WINDHAM – When it comes to the traits honored on Mother’s Day, Sandy Donnelly of Windham – the former owner of Red Sands Restaurant and now a hostess at Rustler’s Steak House – is as close to the ideal as someone can get.

Not only is the 80-year-old mother of three incredibly doting on her own flesh and blood, which also includes many grandchildren and great-grandchildren, she also has spent more than four decades in Windham treating her restaurant patrons like family.

“It’s amazing. She’s definitely the mother of Windham, there’s no question,” said longtime Red Sands customer Bill Diamond, who remembers when Sandy and her husband, Red, bought the restaurant from previous owner Arthur Kilgore in 1971. “Everybody looks to her with all the respect that the term mother has. That’s Sandy Donnelly. She exemplifies all of that. She’s kind, gentle, supportive – everything you’d want a mother to be,” said Diamond.
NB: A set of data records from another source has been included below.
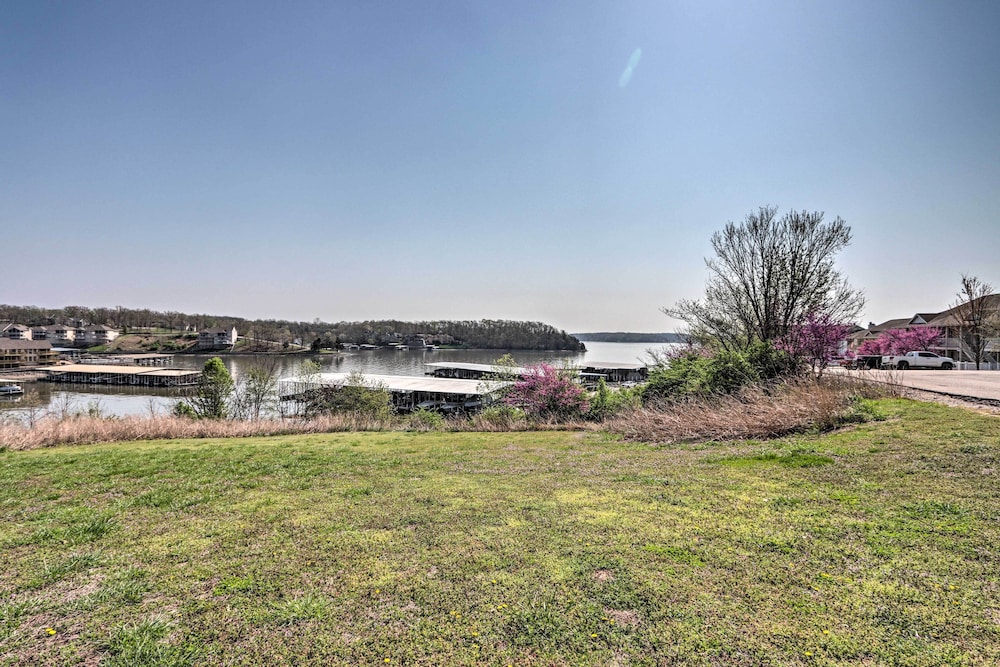 Patio, Views & Pools: Lake of the Ozarks Condo!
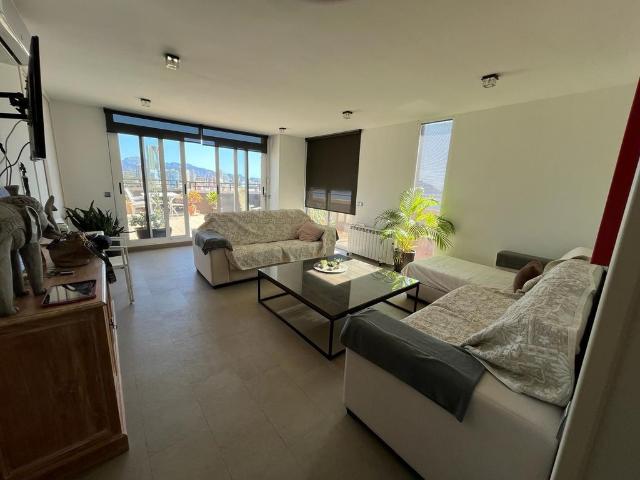 Ático en venta en la Cala de Finestrat, la Marina Baixa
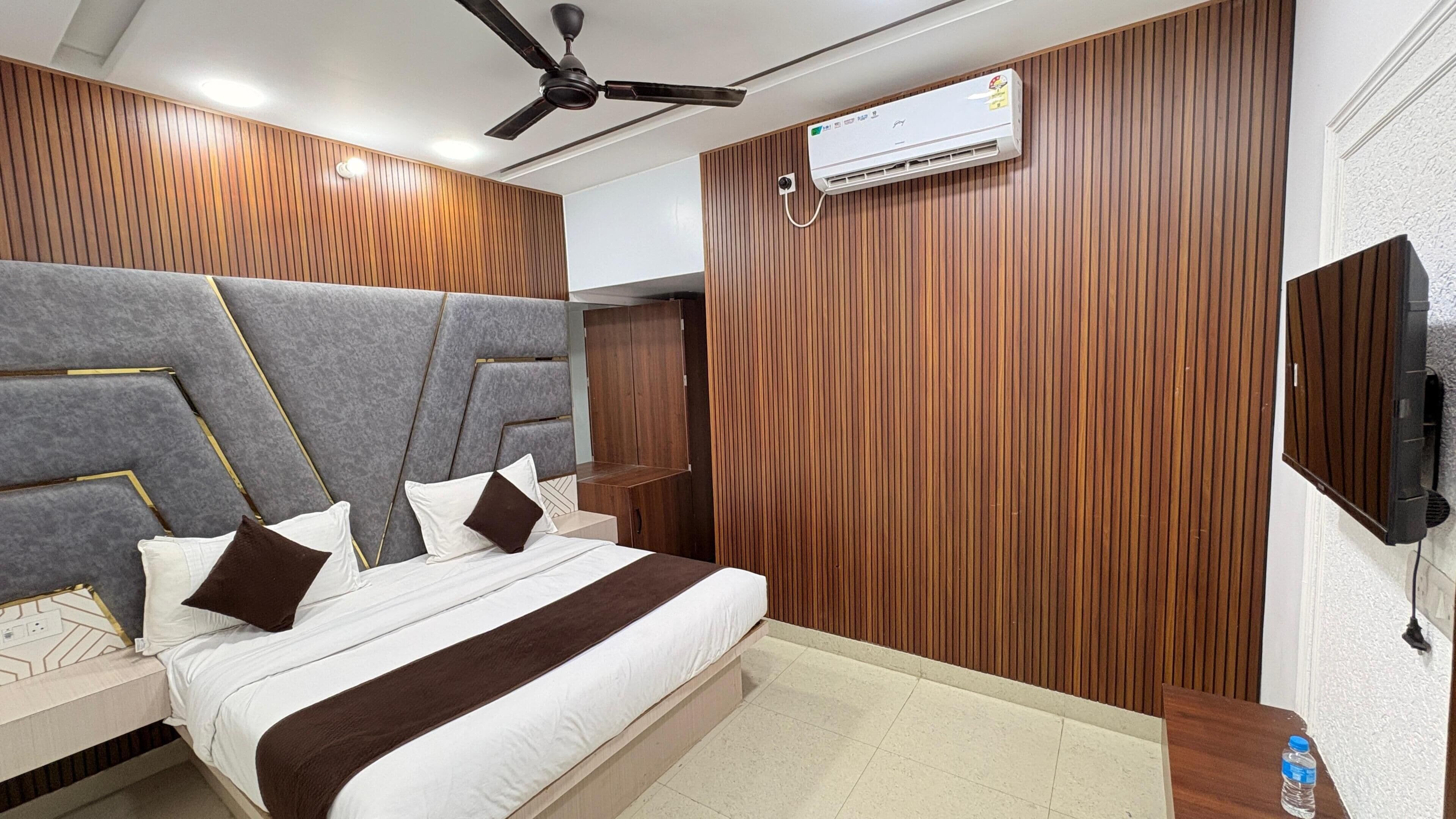 Deluxe kamer | Gratis wifi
Diamond, who served in the state legislature and worked in local schools for 20 years, said when he dined out in Windham, he would likely go to Red Sands.

“I always went there because they were always so involved in the community, helping the high school kids,” Diamond said. “They touched a lot of lives, both she and Red. And most would go in just to see her, because it was like you were coming home and that was the feeling that she presented to everybody.”

Tom Noonan, who worked in the real estate office next door to Red Sands starting in 1987, remembers fond times with Donnelly and especially the oatmeal bread that she made fresh every morning.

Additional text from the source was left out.